FDA’s Advisory committee approves cholesterol-lowering drug Praluent Tuesday

An advisory committee of the US Food and Drug Administration (FDA) has approved a new type of cholesterol-lowering drug Praluent Tuesday.

The drug made by Sanofi SA and Regeneron Pharmaceuticals just got recommended 13 to 3 for approval by a panel. Praluent is a new class of LDL-lowering drugs that inhibits a protein known as PCSK9.

Although the drug has been approved, many panelists agree that the drug should be given to patients with a genetic disorder called familial hypercholesterolemia, or FH, who have very high cholesterol levels and a heightened risk of heart attacks and strokes at a young age.

The opinion of the panelists differed for larger groups of patients. They said they initially want to use of the product limited.

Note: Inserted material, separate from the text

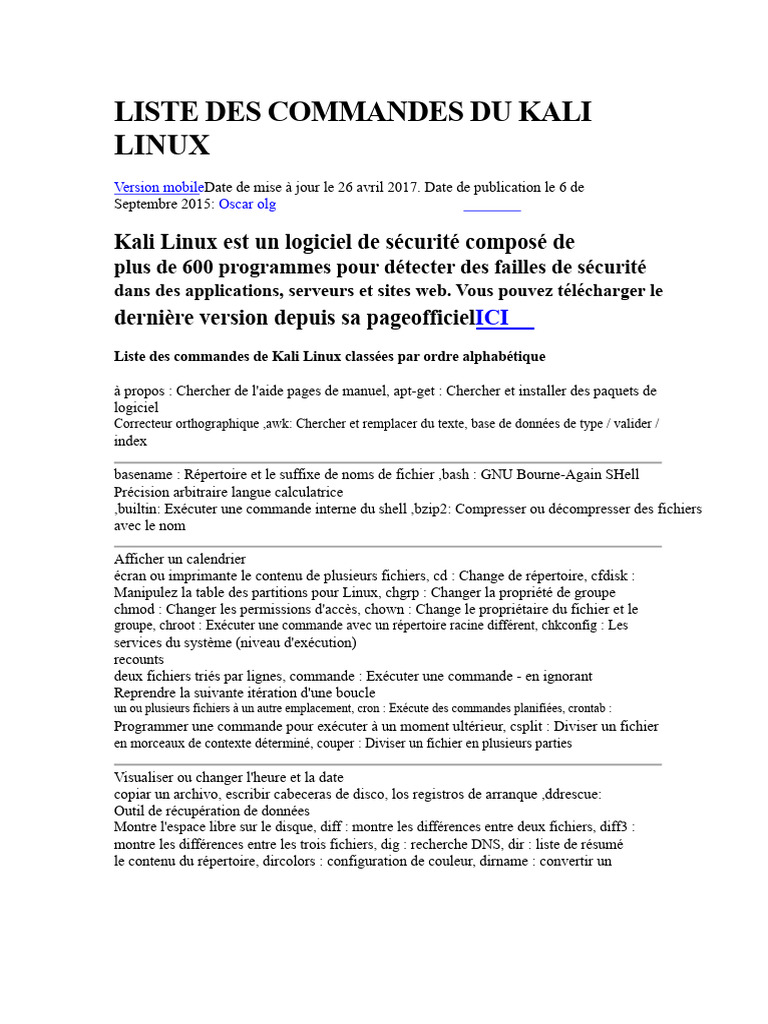 Commandes Kali Linux : Liste complète | PDF | Fichier informatique | Linux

Its use has been limited for to patients who have a genetic predisposition to high cholesterol and the ones who are at high risk of cardiovascular disease and on maximum doses of statin therapy.

The panelists were nervous about offering the drug to patients who were not taking statins, or who said that they could not tolerate statins due to side effects like muscle aches.

Only seven of the panelists were okay to approve the drug or people who can't tolerate statins, and several said they want those patients on maximally tolerated statins. This indicates that if FDA follows the panel's advice, it might approve the drug only for use with a statin.

The panelists want to witness the outcomes of a large ongoing trial, which is accessing whether the drug's LDL-lowering effect translates into reduced cardiovascular risk before it is recommended.